Grounds Two and Three

  1. The complaint in ground two that the Tribunal considered the applicant’s case “unfairely” must also be read in conjunction with ground three, which asserts a denial of procedural fairness.
  2. This is a case to which s.422B of the Act applies. This provides that Division 4 of Part 7 is taken to be an exhaustive statement of the natural justice hearing rule in relation to the matters that it deals with (absent bias) (Minister for Immigration and Multicultural Affairs v Lay Lat (2006) 151 FCR 214; [2006] FCAFC 61 at [59] to [67], SZCIJ v Minister for Immigration and Multicultural Affairs [2006] FCAFC 62 at [8], SZFDE v Minister for Immigration and Citizenship (2007) 237 ALR 64; [2007] HCA 35 at [48], and Minister for Immigration and Citizenship v SZMOK [2009] FCAFC 83).
  3. The applicant provides no particulars whatsoever as to why he says that he was denied procedural fairness, or why it is that the Tribunal acted unfairly.
  4. On the material before the Court, it is quite clear that the applicants were invited to attend a hearing. On the only evidence available to the Court (that is, the Tribunal’s own account of what occurred) it is quite clear that the Tribunal’s rejection of the applicant’s factual account of what he said had occurred in China – the determinative issue that disposed of the review – was a live issue during the course of the hearing. The Tribunal put a number of its concerns to the applicant at the hearing in this regard, complying with the procedural fairness requirements in relation to s.425, as set out by the High Court in SZBEL v Minister for Immigration and Multicultural and Indigenous Affairs (2006) 228 CLR 152; [2006] HCA 63. (See, in particular, at [30], [31], [39] to [41], [43], [45], [53] to [58], and in relation to the applicant wife, see in particular, [50].)
  5. Following the hearing, the Tribunal wrote to the applicants, inviting them to comment on certain information, which it said would be the reason, or part of the reason, for affirming the decision under review. Clearly, the letter was sent pursuant to s.424A of the Act. The fact that it was sent after the hearing does not reveal jurisdictional error (SAAP v Minister for Immigration and Multicultural and Indigenous Affairs (2005) 215 ALR 162; [2005] HCA 24 at [71], [154] and [202]. See also SZBYR v Minister for Immigration and Citizenship (2007) 235 ALR 609; [2007] HCA 26 at [13]).
  6. Further, I note that some of the items of information fell within the exceptions contained in s.424A(3) from the obligations set out in s.424A(1). For example, the general country information relied on by the Tribunal, being non in personam information, falls within the exception contained in s.424A(3)(a). Further, information provided by the applicant for the purposes of the review similarly falls within the exception contained in s.424A(3)(b), as does written information provided by the applicant in connection with his protection visa application (s.424A(3)(ba)).
  7. In any event, there is no error in the Tribunal writing to the applicants, seeking their comments on information that would otherwise not be subject to the obligation of s.424A(1).
  8. In the current case the Tribunal was required to put certain information to the applicant pursuant to s.424A(1) – in particular, information in his visitor visa application, which was not provided in connection to the protection visa application, and information in relation to other protection visa applications held by the Tribunal, which were said to contain “identical” paragraphs.
  9. In all, however, I cannot see that the applicant has been denied procedural fairness, or that the Tribunal treated, and considered, his case unfairly. The applicant was clearly on notice as to the determinative issues and relevant information, in relation to which the Tribunal took an adverse view as to his claims to fear persecution in China. Ultimately, as the High Court said, the Tribunal’s obligation in relation to procedural fairness requires a “fair hearing, not a fair outcome” (SZBEL – see [25]). In all, ground three (and to the extent that fairness is raised in ground two) does not assist the applicants now.
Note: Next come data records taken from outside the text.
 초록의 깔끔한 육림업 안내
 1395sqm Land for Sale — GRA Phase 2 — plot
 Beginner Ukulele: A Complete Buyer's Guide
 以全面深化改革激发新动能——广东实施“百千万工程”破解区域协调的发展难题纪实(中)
The Applicant’s Written “Submissions”

  1. The first issue raised in the applicant’s subsequent “submissions” complains about what is said to be the delegate’s, and the Tribunal’s, refusal of the respective applications on the basis of the view that the “custody related documents” provided by the applicant were false. The applicants claim that the evidence relied on by both the delegate and the Tribunal was incomplete, and that there was bias.
  2. To the extent that the applicants seek to complain about the delegate’s decision, this is a “primary decision”, as defined in s.476 of the Act. That is, it is reviewable under Part 7 of the Act, and in fact, has been so reviewed. This Court, therefore, has no jurisdiction in relation to that decision.
  3. In relation to the Tribunal, the applicant’s submission misrepresents what the Tribunal has actually done in the current case. The Tribunal did not refuse the application (that is, affirm the decision under review) on the basis of the ease with which one may obtain falsified documents in China, or that the applicant’s documents were said to be different from the usual form of such documents.
  4. Any plain reading of the Tribunal’s decision record reveals that the Tribunal decided to affirm the delegate’s decision “independently of the custody related documents”. (See [91] at CB 179.) That is, that the reason for affirming the decision under review was the adverse view that the Tribunal took of the credibility of the applicant’s claims, with the cumulative effect of its concerns, leaving it unsatisfied as to the truth of the applicant’s claims in relation to him being a Christian, and in relation to what was said to have occurred in China. (See, in particular, [83], and [64] to [82].)
  5. This complaint does not assist the applicants in showing jurisdictional error on the part of the Tribunal.
  6. Item two in the submissions relates to the inconsistency found by the Tribunal in the applicant’s evidence as to his occupation in China. To the extent that the applicant now seeks to provide an explanation for such an inconsistency, this Court is unable to substitute its own factual findings for those of the Tribunal.
  7. The applicant was given the opportunity to explain this inconsistency at the hearing. (See [65] to [67].) Further, this matter was specifically raised by the Tribunal with the applicant in its subsequent letter to him. (See item 6 at CB 132, and item 7 at CB 133.)
  8. The applicant has already provided his explanation, both at the hearing, and in his response to the Tribunal’s letter. (See CB 144.)
  9. That the Tribunal did not find the applicant’s explanations to be persuasive, and found that the applicant had made inconsistent statements in relation to his relevant employment, are findings of fact made by the Tribunal within the exercise of its jurisdiction, and for which the Tribunal gave considered reasons. This complaint does not assist the applicants.
  10. Item 3 in the applicants’ submissions seeks to explain the inconsistency in the applicant’s evidence about whether he had been issued with a passport by the Chinese authorities previously to the one which he used to travel to Australia. The applicant seeks to explain that he had told his migration agent that he had been granted a passport in the past but that the agent did not “mention” this in the application for the protection visa.
  11. This, again, is an attempt now to challenge the factual findings made by the Tribunal. This issue was raised at the hearing by the Tribunal (see [52]), and the applicant was given the opportunity to explain the inconsistency, both at the hearing, and subsequently in response to the Tribunal’s letter. (See item 8 in the Tribunal’s letter at CB 133, and the applicant’s response at CB 145.) In his written response the applicant states:
  12. The applicant now seeks to assert that this was an inexplicable mistake made by his agent, not made by him.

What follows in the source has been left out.